Extrait de la déclaration de 138 États Membres et Observateurs des Nations Unies suite à la Note d’Orientation du Secrétaire Général de l’ONU «Réponse au COVID-19 intégrant le Handicap – Vers un avenir meilleur pour tous»

“Pour atteindre le niveau de santé le plus élevé possible pour les personnes handicapées, les actions suivantes doivent être envisagées:

  • Renforcer la législation et les politiques nationales sur les soins de santé conformément à la CDPH.
  • Identifier et éliminer les obstacles et les barrières face à l’accessibilité aux établissements de santé.
  • Améliorer la couverture médicale et son accessibilité pour les personnes handicapées en tant que partie des approches universelles des soins de santé.
  • Former le personnel de santé à l’inclusion du handicap et améliorer la prestation de services pour les personnes handicapées.
  • Habiliter les personnes handicapées à prendre le contrôle de leurs propres décisions en matière de soins de santé, à partir d’un consentement éclairé.
  • Interdire les pratiques discriminatoires en matière d’assurance maladie et promouvoir la couverture d’assurance maladie pour les produits d’assistance et les services de réadaptation.
  • Améliorer la recherche et les données pour surveiller, évaluer et renforcer les systèmes de santé à inclure et à fournir aux personnes handicapées. ”

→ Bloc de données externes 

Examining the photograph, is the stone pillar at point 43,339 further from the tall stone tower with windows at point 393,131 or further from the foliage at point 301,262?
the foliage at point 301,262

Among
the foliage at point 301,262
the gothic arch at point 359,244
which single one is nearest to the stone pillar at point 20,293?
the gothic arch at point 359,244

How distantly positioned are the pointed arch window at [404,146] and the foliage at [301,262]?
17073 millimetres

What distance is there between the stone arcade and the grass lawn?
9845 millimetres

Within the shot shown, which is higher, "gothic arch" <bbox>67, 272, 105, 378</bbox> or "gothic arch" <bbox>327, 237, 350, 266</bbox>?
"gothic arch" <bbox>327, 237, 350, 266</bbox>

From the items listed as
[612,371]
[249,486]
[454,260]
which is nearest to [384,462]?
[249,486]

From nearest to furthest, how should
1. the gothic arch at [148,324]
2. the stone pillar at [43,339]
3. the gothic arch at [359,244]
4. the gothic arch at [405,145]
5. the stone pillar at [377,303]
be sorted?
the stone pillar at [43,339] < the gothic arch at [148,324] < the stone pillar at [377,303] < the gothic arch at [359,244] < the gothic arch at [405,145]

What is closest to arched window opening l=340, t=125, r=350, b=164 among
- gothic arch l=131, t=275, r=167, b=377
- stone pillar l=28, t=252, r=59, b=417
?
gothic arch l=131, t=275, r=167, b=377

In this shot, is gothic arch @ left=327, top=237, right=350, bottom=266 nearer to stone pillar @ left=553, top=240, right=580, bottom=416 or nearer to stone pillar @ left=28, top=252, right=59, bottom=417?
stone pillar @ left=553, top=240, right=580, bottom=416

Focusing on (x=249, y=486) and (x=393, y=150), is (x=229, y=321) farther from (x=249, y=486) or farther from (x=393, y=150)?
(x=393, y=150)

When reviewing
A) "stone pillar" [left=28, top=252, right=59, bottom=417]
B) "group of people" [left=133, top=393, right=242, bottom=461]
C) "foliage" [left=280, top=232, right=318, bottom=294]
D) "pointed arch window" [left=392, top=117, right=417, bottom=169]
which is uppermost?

Ne laisser personne de côté: la crise de la COVID-19 sous l’angle du handicap et du genre –
Département des Affaires Economiques et Sociales des Nations Unies (UNDESA), Mai 2020

Les femmes et les filles handicapées représentent plus de la moitié de toutes les personnes handicapées dans le monde et presque 20% de toutes les femmes dans le monde. Mais leurs besoins et leurs droits sont largement insatisfaits, vêtus d’invisibilité. Les données disponibles suggèrent que les femmes handicapées sont trois fois plus susceptibles d’avoir des besoins non satisfaits en matière de soins de santé; trois fois plus susceptibles d’être analphabètes; deux fois moins susceptibles d’être employées et deux fois moins susceptibles d’utiliser Internet. Les femmes et les filles handicapées courent un risque accru de subir des violences sexuelles par rapport à celles sans handicap.

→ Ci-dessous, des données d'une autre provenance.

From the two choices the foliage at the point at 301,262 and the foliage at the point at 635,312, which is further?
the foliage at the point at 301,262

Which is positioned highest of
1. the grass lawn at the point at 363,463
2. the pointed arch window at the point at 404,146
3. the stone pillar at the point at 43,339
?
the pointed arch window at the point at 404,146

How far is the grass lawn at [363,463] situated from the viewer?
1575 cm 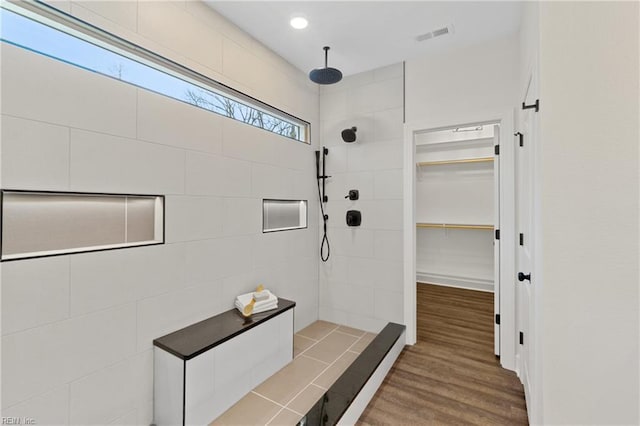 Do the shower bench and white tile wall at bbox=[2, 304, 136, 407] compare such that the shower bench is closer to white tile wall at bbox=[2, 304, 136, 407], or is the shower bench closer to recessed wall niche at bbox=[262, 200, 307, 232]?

Ces inégalités existantes à cause du sexe, de l’âge, du handicap et des structures dans les environnements publics et privés sont exacerbées par l’impact multiforme de la crise de la COVID-19. Les formes croisées de discrimination liées à la santé sexuelle et génésique, à la violence sexiste, à la protection juridique, aux soins non rémunérés et au travail domestique empirent. Les femmes et les filles handicapées, y compris les migrants, les réfugiés et les minorités ethniques, sont confrontées à des obstacles particuliers et à la discrimination dans l’accès aux soins de santé, à la protection sociale et à la sécurité du revenu, à un logement accessible et approprié, à l’éducation, à l’emploi, aux services de santé mentale et aux technologies de la communication.

La pandémie de COVID-19 a mis en lumière l’extrême vulnérabilité à contracter le virus des femmes et des filles handicapées dans de nombreux pays. Les tests sont fondamentaux pour prévenir la propagation du virus, ainsi que les conseils de l’Organisation mondiale de la santé (OMS) portant sur le fait de «nettoyage régulièrement et soigneusement vos mains avec un désinfectant à base d’alcool ou les laver avec du savon et de l’eau» [1], l’auto-isolement sauf pour l’exercice et le shopping, et garder une distance sociale d’environ 2 mètres.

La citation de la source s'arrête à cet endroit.